[Opening Data provided section]

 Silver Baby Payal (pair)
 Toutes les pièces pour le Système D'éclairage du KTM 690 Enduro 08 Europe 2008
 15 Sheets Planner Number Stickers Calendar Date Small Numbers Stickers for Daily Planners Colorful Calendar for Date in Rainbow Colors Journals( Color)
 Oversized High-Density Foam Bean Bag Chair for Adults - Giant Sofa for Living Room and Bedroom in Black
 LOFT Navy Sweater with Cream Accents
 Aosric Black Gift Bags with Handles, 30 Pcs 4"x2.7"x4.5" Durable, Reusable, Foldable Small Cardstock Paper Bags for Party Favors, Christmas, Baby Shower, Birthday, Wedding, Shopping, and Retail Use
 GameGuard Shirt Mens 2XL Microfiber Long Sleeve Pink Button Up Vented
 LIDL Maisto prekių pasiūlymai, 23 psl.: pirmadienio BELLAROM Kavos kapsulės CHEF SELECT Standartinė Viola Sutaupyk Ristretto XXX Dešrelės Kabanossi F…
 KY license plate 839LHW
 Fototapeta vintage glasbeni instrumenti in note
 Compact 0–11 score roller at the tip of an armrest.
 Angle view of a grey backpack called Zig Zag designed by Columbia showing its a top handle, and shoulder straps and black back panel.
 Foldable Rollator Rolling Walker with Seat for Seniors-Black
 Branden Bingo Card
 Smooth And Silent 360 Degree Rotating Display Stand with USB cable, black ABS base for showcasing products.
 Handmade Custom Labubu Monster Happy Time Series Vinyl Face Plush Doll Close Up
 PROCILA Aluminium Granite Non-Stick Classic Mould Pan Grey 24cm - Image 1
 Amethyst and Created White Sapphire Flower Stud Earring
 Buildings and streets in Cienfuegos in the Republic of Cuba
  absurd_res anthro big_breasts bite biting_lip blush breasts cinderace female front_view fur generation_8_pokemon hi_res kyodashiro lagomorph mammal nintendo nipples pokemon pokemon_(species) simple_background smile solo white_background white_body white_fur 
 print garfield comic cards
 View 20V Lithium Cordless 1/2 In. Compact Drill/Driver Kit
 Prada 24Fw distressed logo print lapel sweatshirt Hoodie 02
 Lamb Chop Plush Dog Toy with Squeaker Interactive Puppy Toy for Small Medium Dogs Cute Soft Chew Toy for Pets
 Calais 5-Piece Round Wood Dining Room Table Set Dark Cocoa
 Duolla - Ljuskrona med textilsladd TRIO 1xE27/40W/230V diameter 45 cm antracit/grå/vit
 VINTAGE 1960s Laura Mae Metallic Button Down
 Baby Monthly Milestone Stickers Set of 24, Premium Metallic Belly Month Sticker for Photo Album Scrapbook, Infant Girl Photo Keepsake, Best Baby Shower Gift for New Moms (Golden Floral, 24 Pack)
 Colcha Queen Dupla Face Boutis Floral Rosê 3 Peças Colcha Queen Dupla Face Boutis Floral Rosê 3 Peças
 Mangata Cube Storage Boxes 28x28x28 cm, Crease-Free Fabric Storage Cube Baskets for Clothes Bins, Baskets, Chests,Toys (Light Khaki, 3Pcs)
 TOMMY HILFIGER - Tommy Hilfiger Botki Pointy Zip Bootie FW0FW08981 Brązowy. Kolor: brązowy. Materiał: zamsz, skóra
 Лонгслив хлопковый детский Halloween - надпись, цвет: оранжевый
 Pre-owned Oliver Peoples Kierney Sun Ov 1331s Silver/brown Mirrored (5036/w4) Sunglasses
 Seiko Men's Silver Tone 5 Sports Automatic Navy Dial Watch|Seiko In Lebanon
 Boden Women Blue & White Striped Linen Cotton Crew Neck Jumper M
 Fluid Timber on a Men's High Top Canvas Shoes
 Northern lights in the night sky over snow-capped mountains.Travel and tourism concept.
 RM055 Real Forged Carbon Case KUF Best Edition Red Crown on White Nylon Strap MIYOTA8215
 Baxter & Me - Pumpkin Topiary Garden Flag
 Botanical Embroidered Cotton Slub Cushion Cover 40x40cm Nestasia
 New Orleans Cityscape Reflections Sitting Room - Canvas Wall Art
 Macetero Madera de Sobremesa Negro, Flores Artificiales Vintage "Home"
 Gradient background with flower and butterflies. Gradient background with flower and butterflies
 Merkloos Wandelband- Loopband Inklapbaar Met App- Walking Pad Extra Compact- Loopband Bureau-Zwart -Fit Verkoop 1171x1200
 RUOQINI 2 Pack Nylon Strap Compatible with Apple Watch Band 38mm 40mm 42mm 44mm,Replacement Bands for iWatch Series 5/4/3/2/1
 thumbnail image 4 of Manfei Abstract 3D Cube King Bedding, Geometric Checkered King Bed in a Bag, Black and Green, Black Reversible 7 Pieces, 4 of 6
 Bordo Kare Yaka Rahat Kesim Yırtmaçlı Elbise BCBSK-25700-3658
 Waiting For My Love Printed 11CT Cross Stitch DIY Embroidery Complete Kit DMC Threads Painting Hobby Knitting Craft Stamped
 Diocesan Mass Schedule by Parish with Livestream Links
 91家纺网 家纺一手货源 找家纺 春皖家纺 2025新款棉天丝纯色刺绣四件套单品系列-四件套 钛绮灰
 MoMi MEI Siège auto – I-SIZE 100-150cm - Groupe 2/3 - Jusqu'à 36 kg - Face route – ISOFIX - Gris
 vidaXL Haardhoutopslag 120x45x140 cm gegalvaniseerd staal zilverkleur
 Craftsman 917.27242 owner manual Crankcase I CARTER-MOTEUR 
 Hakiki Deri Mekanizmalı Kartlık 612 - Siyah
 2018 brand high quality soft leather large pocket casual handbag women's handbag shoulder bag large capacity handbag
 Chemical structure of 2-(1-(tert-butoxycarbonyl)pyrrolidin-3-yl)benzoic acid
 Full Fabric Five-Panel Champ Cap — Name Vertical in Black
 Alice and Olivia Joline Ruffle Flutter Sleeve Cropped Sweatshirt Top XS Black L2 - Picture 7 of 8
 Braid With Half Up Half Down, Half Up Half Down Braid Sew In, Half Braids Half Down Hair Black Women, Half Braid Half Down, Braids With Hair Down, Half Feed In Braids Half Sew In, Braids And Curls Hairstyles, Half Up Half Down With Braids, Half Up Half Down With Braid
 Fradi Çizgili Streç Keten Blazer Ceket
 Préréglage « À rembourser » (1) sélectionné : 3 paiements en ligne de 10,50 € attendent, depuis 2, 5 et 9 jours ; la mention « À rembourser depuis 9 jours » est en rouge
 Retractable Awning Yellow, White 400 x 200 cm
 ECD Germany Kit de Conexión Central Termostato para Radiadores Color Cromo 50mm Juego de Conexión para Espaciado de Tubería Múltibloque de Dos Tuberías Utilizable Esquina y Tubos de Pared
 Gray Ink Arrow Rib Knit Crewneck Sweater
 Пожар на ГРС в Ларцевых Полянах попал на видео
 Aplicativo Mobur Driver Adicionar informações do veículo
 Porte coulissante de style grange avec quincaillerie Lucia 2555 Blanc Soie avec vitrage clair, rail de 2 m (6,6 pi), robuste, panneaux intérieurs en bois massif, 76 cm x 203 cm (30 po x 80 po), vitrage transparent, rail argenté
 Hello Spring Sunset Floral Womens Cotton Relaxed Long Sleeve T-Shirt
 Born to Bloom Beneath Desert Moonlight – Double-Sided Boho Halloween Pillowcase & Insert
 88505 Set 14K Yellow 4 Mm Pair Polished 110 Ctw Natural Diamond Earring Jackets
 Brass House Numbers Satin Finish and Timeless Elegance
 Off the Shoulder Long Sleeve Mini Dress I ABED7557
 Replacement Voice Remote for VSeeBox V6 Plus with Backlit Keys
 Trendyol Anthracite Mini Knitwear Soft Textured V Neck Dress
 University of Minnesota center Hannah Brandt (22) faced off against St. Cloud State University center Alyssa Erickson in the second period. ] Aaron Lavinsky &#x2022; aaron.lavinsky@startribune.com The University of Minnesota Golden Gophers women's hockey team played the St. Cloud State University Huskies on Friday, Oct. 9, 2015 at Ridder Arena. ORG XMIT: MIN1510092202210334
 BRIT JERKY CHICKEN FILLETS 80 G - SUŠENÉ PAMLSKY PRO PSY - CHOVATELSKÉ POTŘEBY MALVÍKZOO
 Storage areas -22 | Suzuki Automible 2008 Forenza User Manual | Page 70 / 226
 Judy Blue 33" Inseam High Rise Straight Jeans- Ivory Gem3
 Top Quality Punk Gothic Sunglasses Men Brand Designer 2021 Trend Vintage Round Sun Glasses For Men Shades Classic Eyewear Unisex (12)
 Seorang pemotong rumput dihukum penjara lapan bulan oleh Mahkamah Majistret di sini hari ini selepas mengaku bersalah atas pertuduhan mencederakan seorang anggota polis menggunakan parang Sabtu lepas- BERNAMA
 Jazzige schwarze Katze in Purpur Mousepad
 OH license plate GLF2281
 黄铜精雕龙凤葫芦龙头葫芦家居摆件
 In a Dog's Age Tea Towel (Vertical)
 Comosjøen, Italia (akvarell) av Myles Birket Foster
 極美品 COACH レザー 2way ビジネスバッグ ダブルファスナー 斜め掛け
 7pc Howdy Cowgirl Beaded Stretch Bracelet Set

[Closing Data provided section]

> **What is expected**:
Every line above from the line with "TOMMY HILFIGER - Tommy" to the line with "91家纺网 家纺一手货源 找家纺" is wanted, ends included; write them out exactly and add no other line.

> **Response area**:
 TOMMY HILFIGER - Tommy Hilfiger Botki Pointy Zip Bootie FW0FW08981 Brązowy. Kolor: brązowy. Materiał: zamsz, skóra
 Лонгслив хлопковый детский Halloween - надпись, цвет: оранжевый
 Pre-owned Oliver Peoples Kierney Sun Ov 1331s Silver/brown Mirrored (5036/w4) Sunglasses
 Seiko Men's Silver Tone 5 Sports Automatic Navy Dial Watch|Seiko In Lebanon
 Boden Women Blue & White Striped Linen Cotton Crew Neck Jumper M
 Fluid Timber on a Men's High Top Canvas Shoes
 Northern lights in the night sky over snow-capped mountains.Travel and tourism concept.
 RM055 Real Forged Carbon Case KUF Best Edition Red Crown on White Nylon Strap MIYOTA8215
 Baxter & Me - Pumpkin Topiary Garden Flag
 Botanical Embroidered Cotton Slub Cushion Cover 40x40cm Nestasia
 New Orleans Cityscape Reflections Sitting Room - Canvas Wall Art
 Macetero Madera de Sobremesa Negro, Flores Artificiales Vintage "Home"
 Gradient background with flower and butterflies. Gradient background with flower and butterflies
 Merkloos Wandelband- Loopband Inklapbaar Met App- Walking Pad Extra Compact- Loopband Bureau-Zwart -Fit Verkoop 1171x1200
 RUOQINI 2 Pack Nylon Strap Compatible with Apple Watch Band 38mm 40mm 42mm 44mm,Replacement Bands for iWatch Series 5/4/3/2/1
 thumbnail image 4 of Manfei Abstract 3D Cube King Bedding, Geometric Checkered King Bed in a Bag, Black and Green, Black Reversible 7 Pieces, 4 of 6
 Bordo Kare Yaka Rahat Kesim Yırtmaçlı Elbise BCBSK-25700-3658
 Waiting For My Love Printed 11CT Cross Stitch DIY Embroidery Complete Kit DMC Threads Painting Hobby Knitting Craft Stamped
 Diocesan Mass Schedule by Parish with Livestream Links
 91家纺网 家纺一手货源 找家纺 春皖家纺 2025新款棉天丝纯色刺绣四件套单品系列-四件套 钛绮灰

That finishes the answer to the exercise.